By Zhang Xiaoguang
I was born in the countryside. My neighbor’s daughter, Damei, was born in the same year as me. We played together since childhood and studied in the same class until graduation of junior middle school. It could be said that we were childhood sweethearts. At that time, I thought: I’ll marry Damei when I grow up.
People in the 1990s pursued freedom of marriage. So when we reached the age of marriage, I expressed my love to Damei and she accepted. However, good times didn’t last long. One day she told me, “My father has known that we are dating. He ordered me to break up with you. He said we two families live too near, and you are short, and it would be laughed by our relatives if I went out together with you.” These words were like a dagger stabbing my heart, and I hated her father bitterly. Later, due to her father’s strong opposition, we had to part. After that, I was out of my head all day and had no heart to work, and sometimes, I drowned my sorrows in drink. Seeing this, a friend of mine comforted me, “Take it easy. Don’t be too crazy about her. I’ll introduce another one to you later.” However, his words failed to cheer me up, and I still kept thinking of her. In the midst of pain, I cried out in my heart, “We have grown up together from childhood and we love each other. Why can’t we be together? Why? Why is this?”
A period of time later, my friend really found me a girlfriend (my present wife). We got married, so did Damei. After marriage, I only looked down upon my wife, because she was introverted, and was less capable than Damei in working and was not as smart as Damei in dealing with people or situations. We often quarreled with each other, and even tried to get a divorce several times, but each time we ended up failing, either because the clerk was not on duty that day or because the clerk had no time to deal with our case. A year later, my child was born, but I still couldn’t forget Damei. At ordinary times, I would rather work alone than work together with my wife. When I was unoccupied, those romantic memories of my being together with Damei laughing and talking would often reoccur to me.
Afterward, both my wife and I accepted God’s work in the last days. We often read God’s words together and fellowshiped our understanding of the truth, which made me feel particularly joyous in the spirit. One day, we happened to read the passage of God’s word: “Though everyone has their own ideas and personal stances on the subject of marriage, no one can foresee who will finally become their true other half, and one’s own notions count for little. After meeting a person you like, you can pursue that person; but whether he or she is interested in you, whether he or she is able to become your partner, is not yours to decide.

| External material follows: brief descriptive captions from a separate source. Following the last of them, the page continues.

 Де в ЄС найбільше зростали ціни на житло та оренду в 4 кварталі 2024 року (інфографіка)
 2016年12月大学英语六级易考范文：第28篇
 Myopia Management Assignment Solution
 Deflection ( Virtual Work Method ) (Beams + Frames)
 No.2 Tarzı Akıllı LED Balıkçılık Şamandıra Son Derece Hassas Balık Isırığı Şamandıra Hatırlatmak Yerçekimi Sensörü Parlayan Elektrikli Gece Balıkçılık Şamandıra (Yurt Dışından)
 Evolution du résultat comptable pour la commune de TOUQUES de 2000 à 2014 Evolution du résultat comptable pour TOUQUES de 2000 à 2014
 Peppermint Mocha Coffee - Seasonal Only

The object of your affections is not necessarily the person with whom you will be able to share your life; and meanwhile someone you never expected quietly enters your life and becomes your partner, becomes the most important element in your fate, your other half, to whom your fate is inextricably bound. … Whether marriage itself brings happiness or pain, everyone’s mission in marriage is predestined by the Creator and will not change; everyone must fulfill it. And the individual fate that lies behind every marriage is unchanging; it was determined long in advance by the Creator” (“God Himself, the Unique III”).

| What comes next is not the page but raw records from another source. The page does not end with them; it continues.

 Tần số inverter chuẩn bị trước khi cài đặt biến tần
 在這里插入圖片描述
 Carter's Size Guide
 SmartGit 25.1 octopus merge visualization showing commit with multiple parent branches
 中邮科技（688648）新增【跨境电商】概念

After reading these words, I felt brightened in my heart, and the knot that had remained in my heart for many years was finally untied. I came to know that it was because of God’s sovereignty and arrangement that I didn’t marry Damei. I had thought that the marriage between me and Damei, which was out of our own willingness, was simply a matter of time and could not be separated by anyone. Unexpectedly, her father just didn’t agree, and he would rather break her legs than allow her to marry me. Unable to see through this matter in the past, I had been brooding over it, and even hated Damei’s father for his cruelly separating us. Now I have understood that the marriage of each person rests in God’s hands. Who will become the other half of our life does not depend on our own choices. Instead, it depends on God’s sovereignty and His preordination.

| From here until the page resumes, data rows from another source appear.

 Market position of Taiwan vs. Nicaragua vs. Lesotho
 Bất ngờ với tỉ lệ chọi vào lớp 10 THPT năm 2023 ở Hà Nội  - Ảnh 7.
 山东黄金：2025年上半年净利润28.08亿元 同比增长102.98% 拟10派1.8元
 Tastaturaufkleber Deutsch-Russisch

Seeing that today my family members have all returned to God, I have realized that the marriage ordained by God is the best. Though my wife is introverted and not good at talking, she’s kind-hearted, forbearing, and tolerant, and we are a happy family. Most importantly, we share the same objectives and the same pursuits, and walk the right path of life together, which is God’s greatest love toward us. My wife went to preach the gospel to Damei several times, but she showed antipathy to belief in God and couldn’t recognize God’s voice at all. She just refused to accept the gospel. I suppose, if I had married Damei, I wouldn’t be happy, for she might even obstruct me in my path of faith in God because she does not share the same belief with me. After reading God’s words, my wife said to me, “Thank God so much for His arrangements. See, our family all believe in God today. How happy we are!” “Yeah!” I replied, “This is God’s love. Only what God arranges for us is the best.”